Lintasan Mekepung memiliki bentuk seperti huruf "U" yang panjangnya sekitar 2-3 kilometer. Hal yang unik adalah bahwa garis start juga merupakan garis finish, sehingga para penunggang "sais" dan kerbau mereka harus melakukan perjalanan pulang pergi di lintasan yang sama. Pada titik ini biasanya para penunggang “sais” akan memukul pasangan kerbau dengan keras agar bisa berlari secepat mungkin dan memenangkan perlombaan.
Tradisi Mekepung (Sumber Foto: Koleksi Redaksi)
Penentuan pemenang dalam Mekepung tidak hanya didasarkan pada pasangan kerbau mana yang mencapai garis finish terlebih dahulu. Hal yang menarik adalah bahwa pemenang juga ditentukan oleh jarak dan kecepatan relatif antar peserta. Seorang peserta akan dianggap pemenang jika dia mencapai garis finish terlebih dahulu dan dapat menjaga jarak 10 meter dari peserta di belakangnya. Ini menciptakan elemen strategi yang menarik dalam perlombaan, karena peserta harus memutuskan kapan waktu yang tepat untuk mempercepat dan menjaga jarak dari peserta lain.
Namun, jika peserta di belakangnya berhasil memperkecil jarak menjadi kurang dari 10 meter, maka peserta di belakang tersebut yang akan keluar sebagai pemenang. Aturan ini memberikan peluang bagi peserta yang lebih lambat untuk mengejar peserta yang berada di depannya dan membuat perlombaan menjadi lebih dinamis.
Tradisi Mekepung (Sumber Foto: Koleksi Redaksi)
Bagi masyarakat Jembrana, Mekepung bukan sekadar balapan kerbau biasa. Tradisi ini memiliki makna yang dalam. Mekepung dianggap sebagai bentuk rasa syukur kepada Sang Hyang Widhi Wasa karena hasil panen yang melimpah. Mekepung juga menjadi ajang untuk mempererat persaudaraan antarwarga dan menunjukkan kegigihan serta semangat pantang menyerah. Pelaksanaan lomba Mekepung juga diharapkan dapat memberikan dampak positif terhadap sektor lain seperti pertanian dan peternakan, karena dengan adanya tradisi mekepung terbukti mampu mencegah terjadinya alih fungsi lahan pertanian.
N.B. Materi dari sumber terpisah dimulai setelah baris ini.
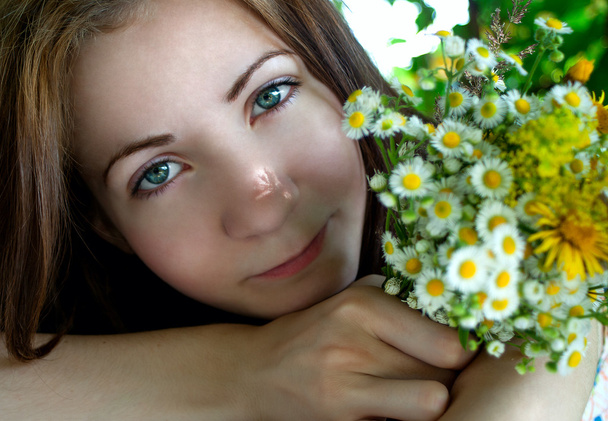 lato dziewczyna z kwiatami - Zdjęcie, obraz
Dengan melestarikan dan mengembangkan Tradisi Mekepung, mendapatkan manfaat dalam hal pariwisata, ekonomi, dan pelestarian budaya. Dalam setiap balapan Mekepung, kita dapat melihat kerbau yang bekerja keras dihormati dan dirayakan. Tradisi ini adalah contoh nyata bagaimana warisan budaya dapat menjadi daya tarik wisata yang kuat dan memberikan kontribusi yang signifikan bagi perkembangan wilayah dan negara. Dengan demikian, Mekepung adalah contoh sempurna dari bagaimana tradisi budaya dapat dijaga dan dihargai sambil mendukung pertumbuhan ekonomi lokal.